Comment la potentia multitudinis parvient-elle à s’assembler, à former du commun ? Grâce à la dynamique de ce que l’ethnologue Marcel Mauss nomme le don, c’est-à-dire « la triple obligation de ‶donner, recevoir, et rendre″ »[23]. Je ne reviendrai pas sur ce point que j’ai déjà largement développé par ailleurs, notamment dans mon ouvrage Ce que le marché fait au monde[24]. Le cycle du don est à l’origine des sociétés humaines, il permet l’instauration du politique car il est par excellence l’opérateur de symbolisation[25]. Ainsi, on passe de la violence primaire à la violence symbolisée par l’intermédiaire du don. Le politique, qui passe toujours d’une façon ou d’une autre par le don, est donc une modalité de la violence symbolisée ; mais toute violence symbolisée n’est pas politique[26]. Dès le départ, le don maussien surgit comme « aménagement de l’antagonisme »[27], mais il ne fait pas cesser le négatif pour autant, transformant les individus en bisounours donateurs. Ce dernier hante le don à chaque instant, comme condition de possibilité même :

« Pour qu’un don soit reconnu comme don, comme un don qui a de la valeur, un don qui fait sens et qui fait lien, il faut non seulement que, lorsque je donne, je sois reconnu comme quelqu’un qui aurait pu ne pas donner – sur le mode de l’indifférence ou de l’aban-don -, ou plus encore qui pourrait donner le mal plutôt que le bien. Bref, la valeur même du don est toujours différentielle : elle suppose la possibilité toujours ouverte de son envers, de son négatif. »[28]
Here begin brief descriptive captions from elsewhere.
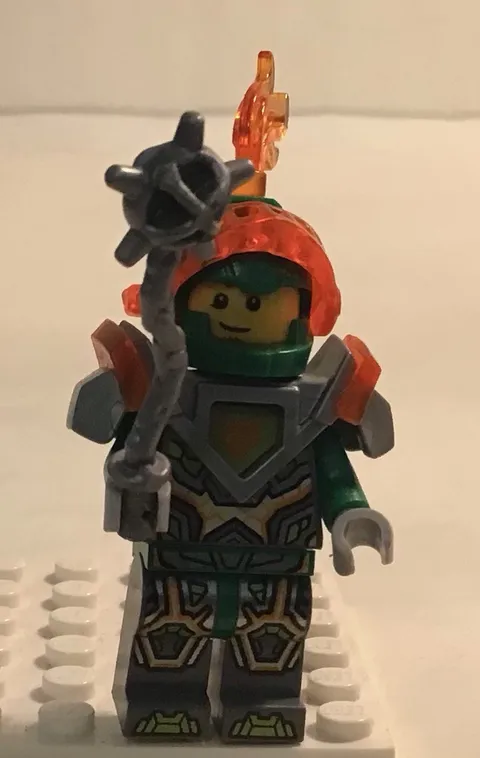 LEGO NEXO KNIGHTS MINIFIGURE AARON RUINA'S LOCK & ROLLER SET 70349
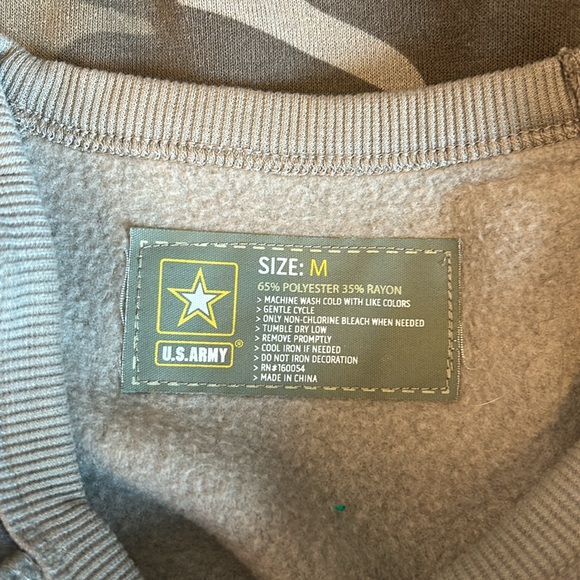 U.S Army camo crew neck sweatshirt size medium - Picture 4 of 5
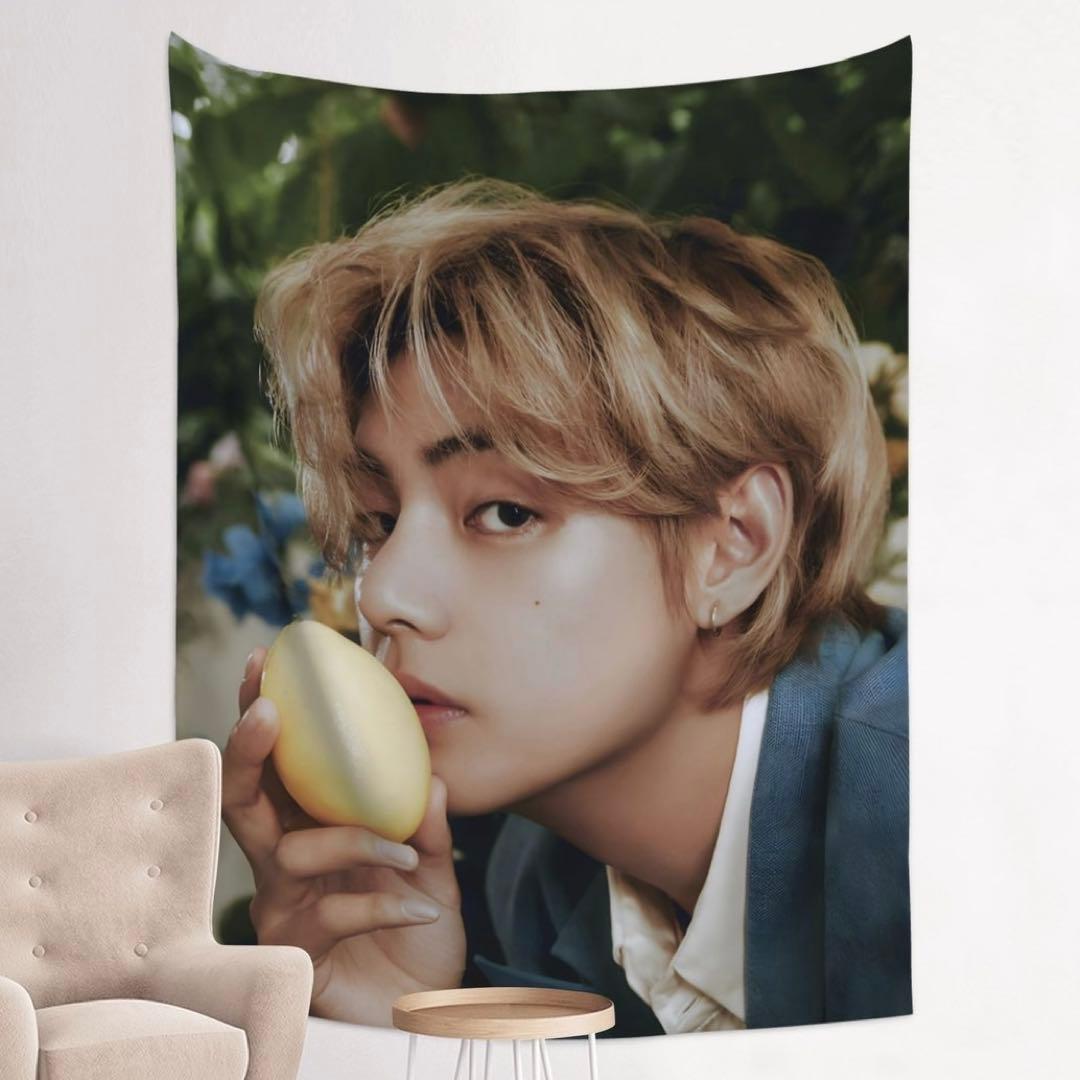 

[USED] BTS Tapestry DICON Taehyung V V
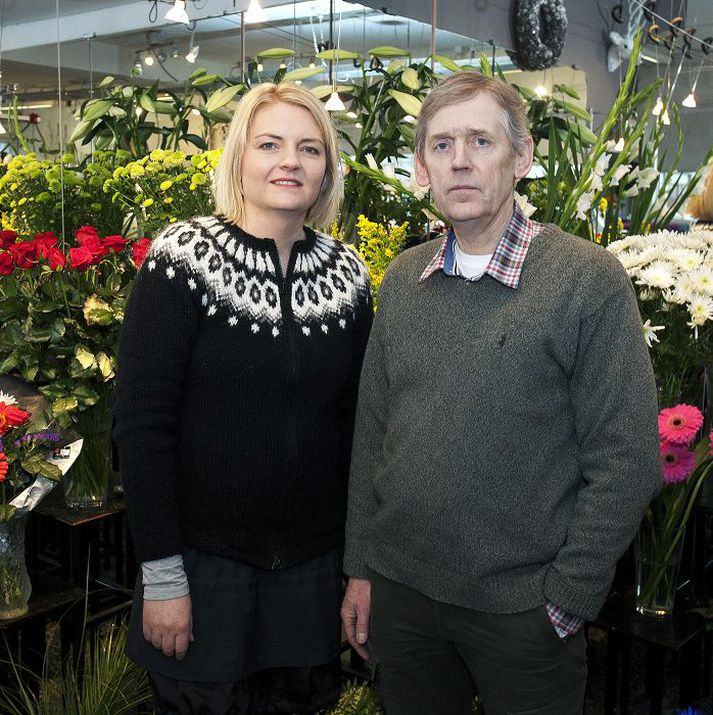 Feðginin Málfríður Hildur Bjarnadóttir og Bjarni Finnsson tóku við Blómasmiðjunni í haust. "Við viljum gera góða þjónustu að sérstöðu búðarinnar.“ Mynd/Stefán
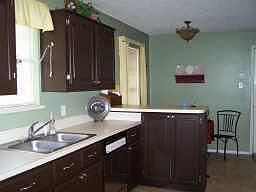 4th image of 2703 Monthaven Dr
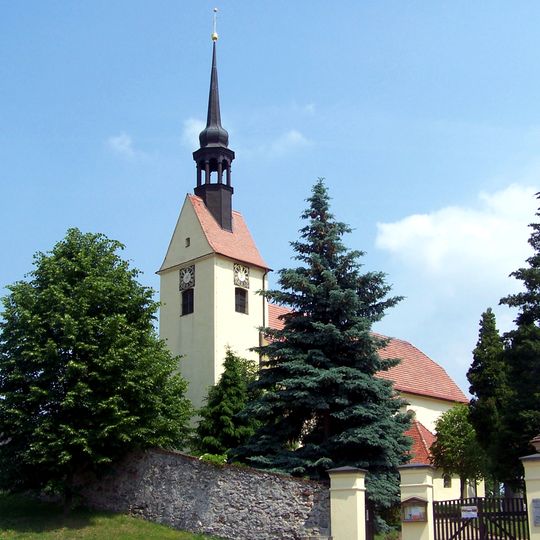 Kirche und Kirchhof Zodel; Kirche mit Kirchhof und Einfriedungsmauer, Gruft und Kriegerdenkmal für die Gefallenen des Ersten Weltkrieges Dorfstraße 81a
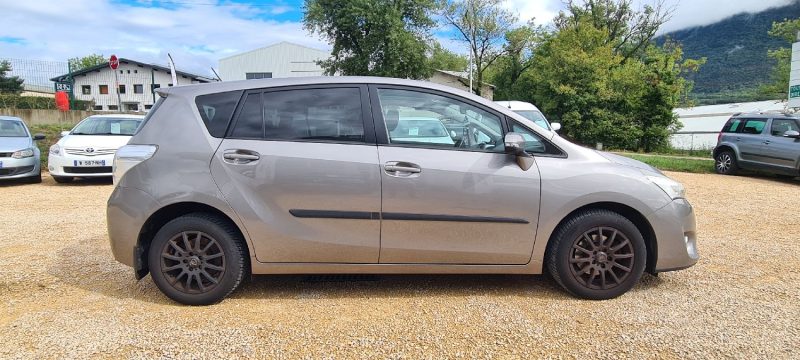 TOYOTA Verso - 110ch diesel 1.6 D-4D Skyview Edition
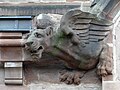 Une des statues encadrant l'entrée de la chapelle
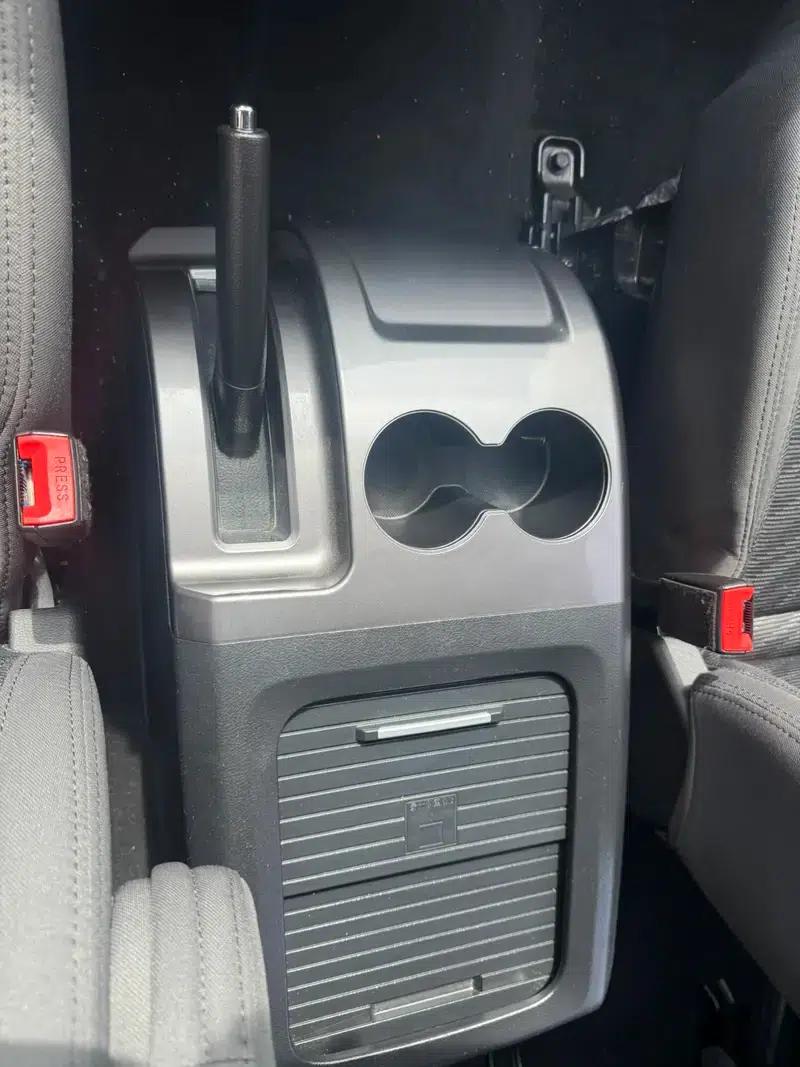Lingzhi PLUS 2021 2.0L Manual Comfort 7-Seater — миниатюра 8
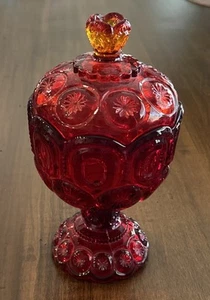 Vintage Fenton LG Wright Moon & Stars Ruby Red Pedestal Covered Candy Dish - Picture 1 of 3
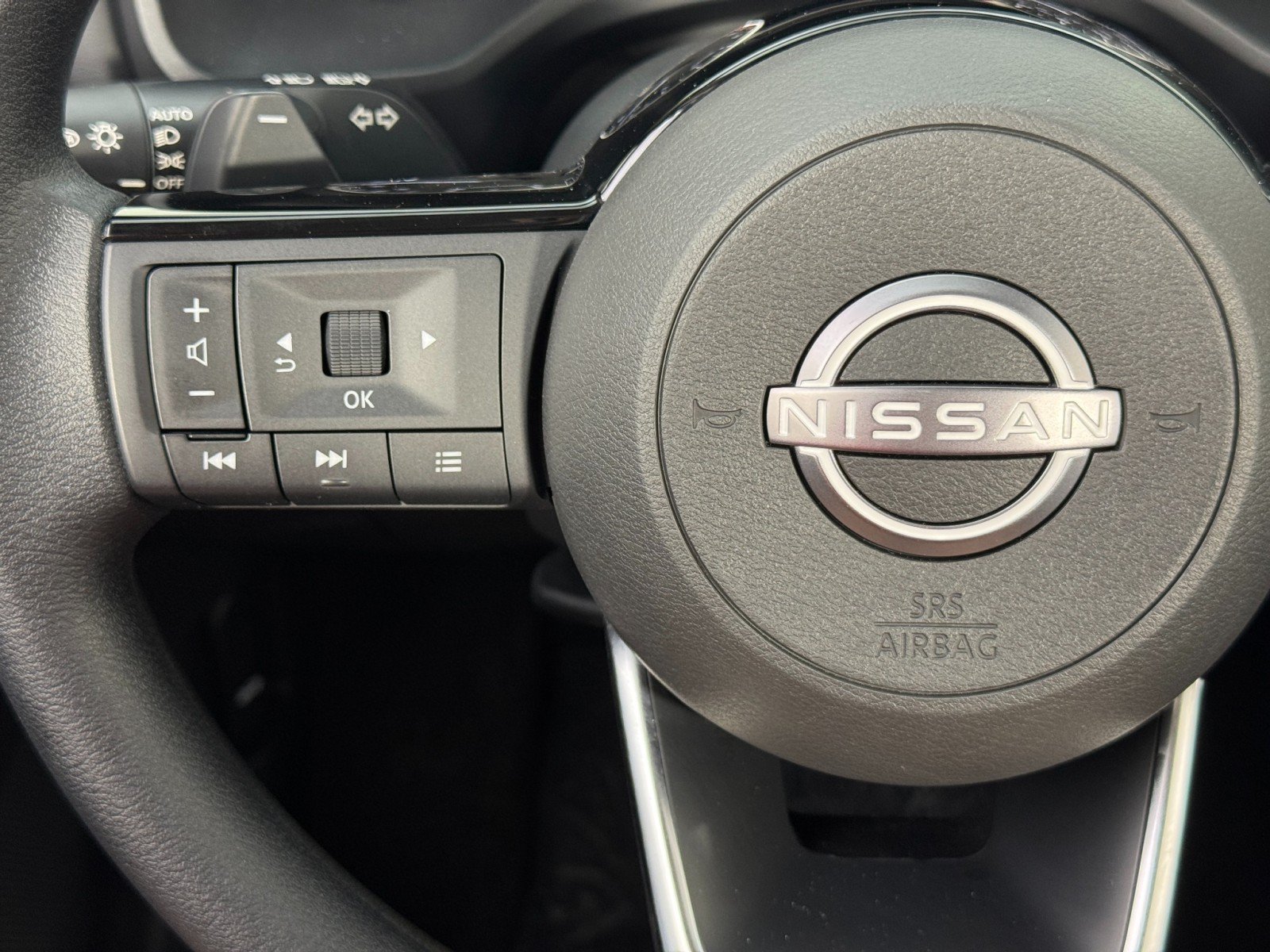 Used 2023 Nissan Rogue SV FWD image 19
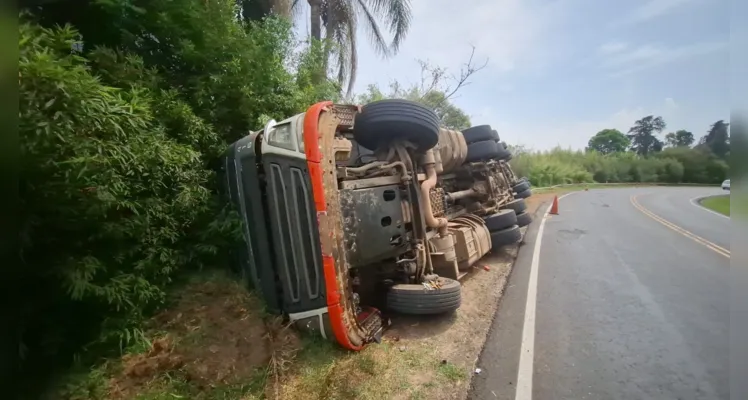 Caminhão tomba próximo ao aeroporto de PG; veja o vídeo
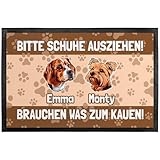 Personalisierte Fußmatte „Bitte Schuhe ausziehen! Namen brauchen was zum Kauen!“ - 2 Hunde - Deko-Fussmatte, Geschenk zum Einzug, Schmutzmatte mit Hunderassen - dünn, rutschfest, 60 x 90 cm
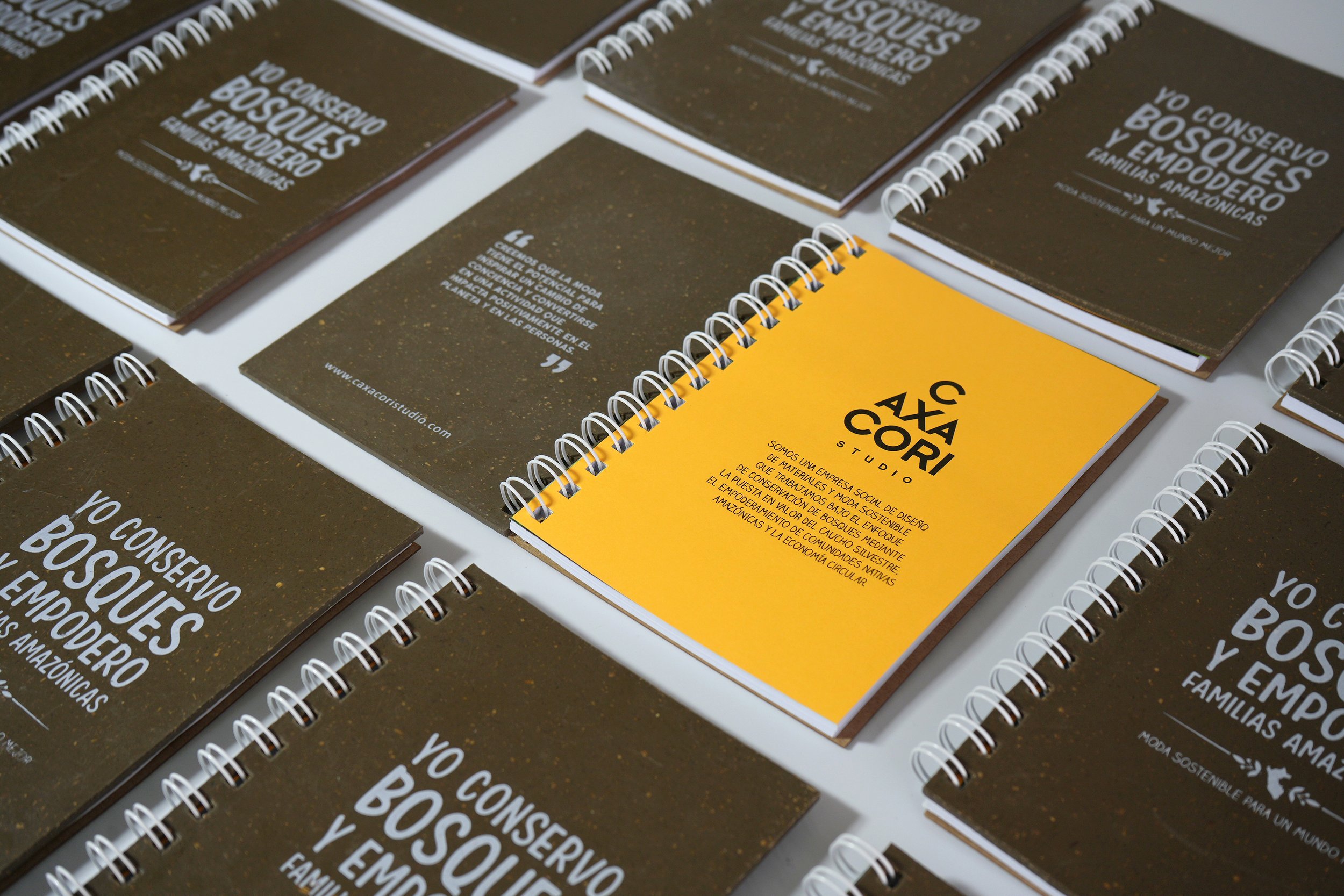 caxacori-studio-merchandising-libreta3.jpg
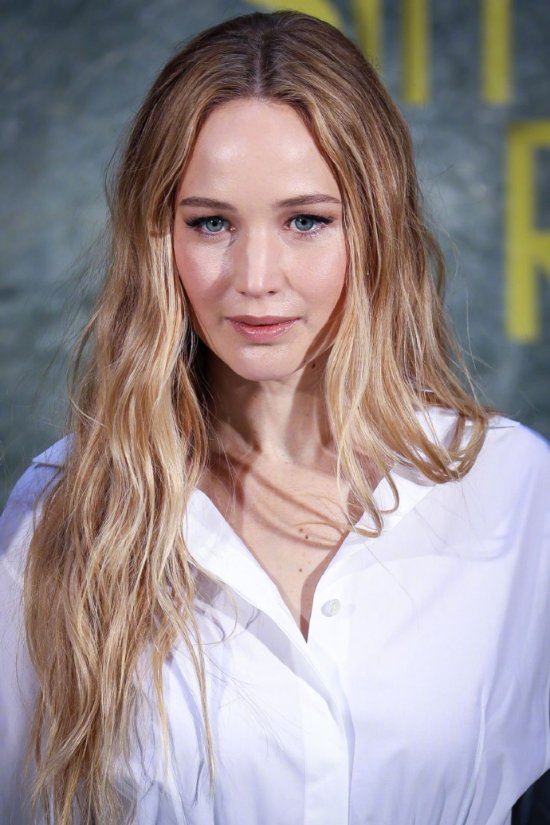 Jennifer Lawrence Stuns at the Madrid Promotion of 'No Offense'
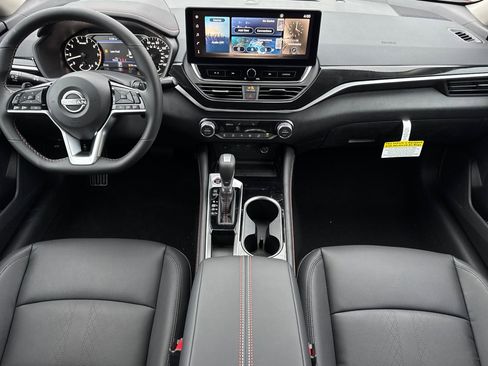 New 2025 Nissan Altima 2.5 SR w/ SR Premium Package image 10
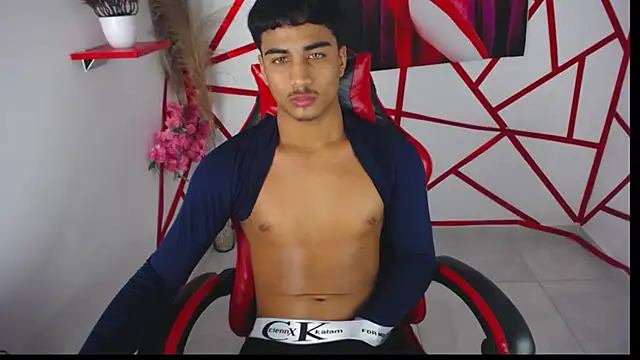 oliver-parker Adlı Modelin Web Kamerası Şovu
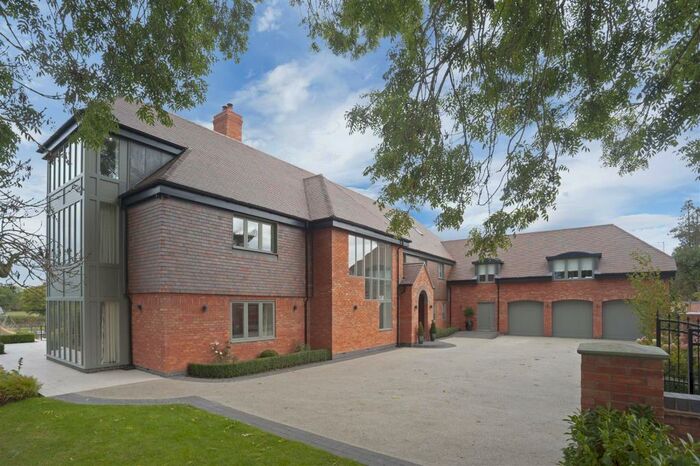 5 Bedroom Detached House For Sale In Rising Lane, Knowle, Solihull, West Midlands, B93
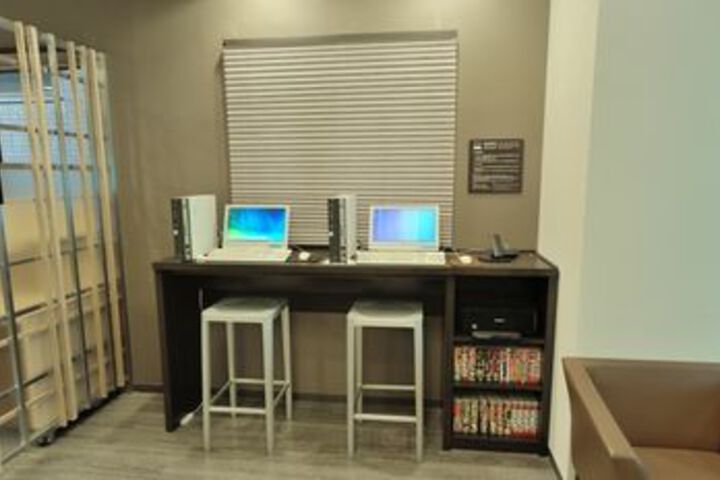 Business Center 5 of 38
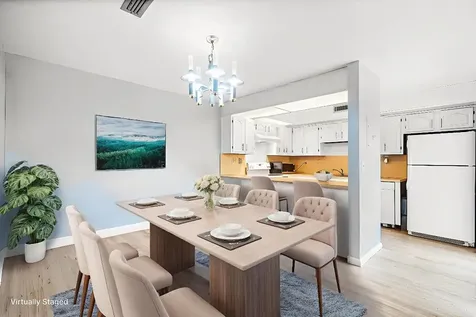 9 Atrium Circle Atlantis FL 33462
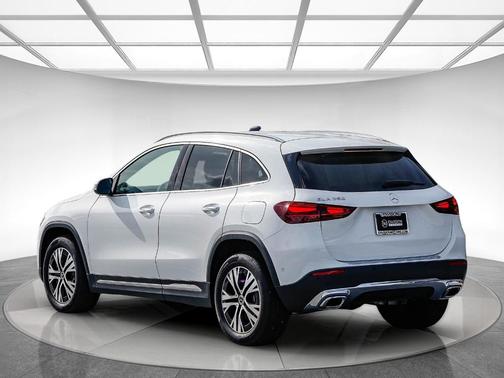 2025 Mercedes-Benz GLA 250 Base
Comment pourrait-on alors définir la violence par le prisme du don ? La violence, pourrait-on dire, est le don qu’on fait à quelqu’un qui n’en veut pas. Elle est un don refusé, un donner sans recevoir, un don qui s’impose. Cela peut-être un don de coup, de meurtrissures, mais aussi d’insultes ; un don de méfaits, mais aussi de bienfaits dont l’autre ne veut pas. La violence d’adresse toujours à quelqu’un, même dans le cas d’une violence dirigée contre des objets. Casser, détruire, briser, démolir, piétiner ou démonter sont des violences lorsque l’on montre qu’on casse, brise, démolit etc., ou que le résultat de la destruction, du bris, de la démolition etc., est vu et refusé par quelqu’un – y compris un quelqu’un imaginaire. Cela dit, imposer un don n’est pas la seule façon d’outrepasser la volonté d’autrui : on peut aussi accaparer ce que l’autre ne veut pas donner. Cela décrit l’acte de prendre. Sociologue spécialiste de l’œuvre de Marcel Mauss, Alain Caillé situe le mal et la violence du côté du « cycle diabolique »[29], c’est-à-dire l’opposé du cycle du don, à savoir « ignorer-prendre-refuser-garder »[30]. Bien sûr, on peut donner des coups, des blessures, des injures, donner des maux, comme dans nombre de rituels ancestraux, dont le fameux potlatch étudié par Marcel Mauss. Ni la mort ni la destruction ne sont, par elles-mêmes, incompatibles avec le don. Mais la violence met fin à la valse du don car elle procède d’un refus : refus de recevoir ou refus de donner. Il n’y a plus de réciprocité. Si l’on suit cette définition de la violence, il faut noter qu’elle résulte d’une intention, qui passe toujours par le premier temps du cycle diabolique mis en avant par Alain Caillé, à savoir ignorer. On ignore le refus effectif d’autrui, mais on ignore également son refus potentiel, c’est-à-dire qu’on ignore l’idée même qu’autrui puisse refuser. Le premier cas de figure est simple : si je rosse l’autre, si je l’outrage par des insultes ou si je le dépouille de ses biens, je choisis immédiatement de passer son refus par pertes et profits, voire je m’en délecte. Dans la seconde situation, en revanche, je peux penser faire du bien à autrui par exemple par un baiser ou des flatteries sans savoir qu’il ou elle n’en veut pas, mais alors, je choisis vertement d’ignorer qu’il ou elle pourrait ne pas en vouloir, son avis m’apparaît comme superflu. Comme le décrit si bien Philippe Chanial,

« la violence manifeste une attitude de fermeture à l’altérité, qui repose sur la suspension ou la désactivation de toute implication sensible, de toute identification empathique. Elle définit ainsi tout ce qui fait violence […] à autrui, ce qui lui porte atteinte ou lui porte offense […]. A ce titre, elle implique une attitude réifiante […], qui fait de l’autre une chose ou un objet, et noue ainsi une relation avant tout instrumentale. »[31]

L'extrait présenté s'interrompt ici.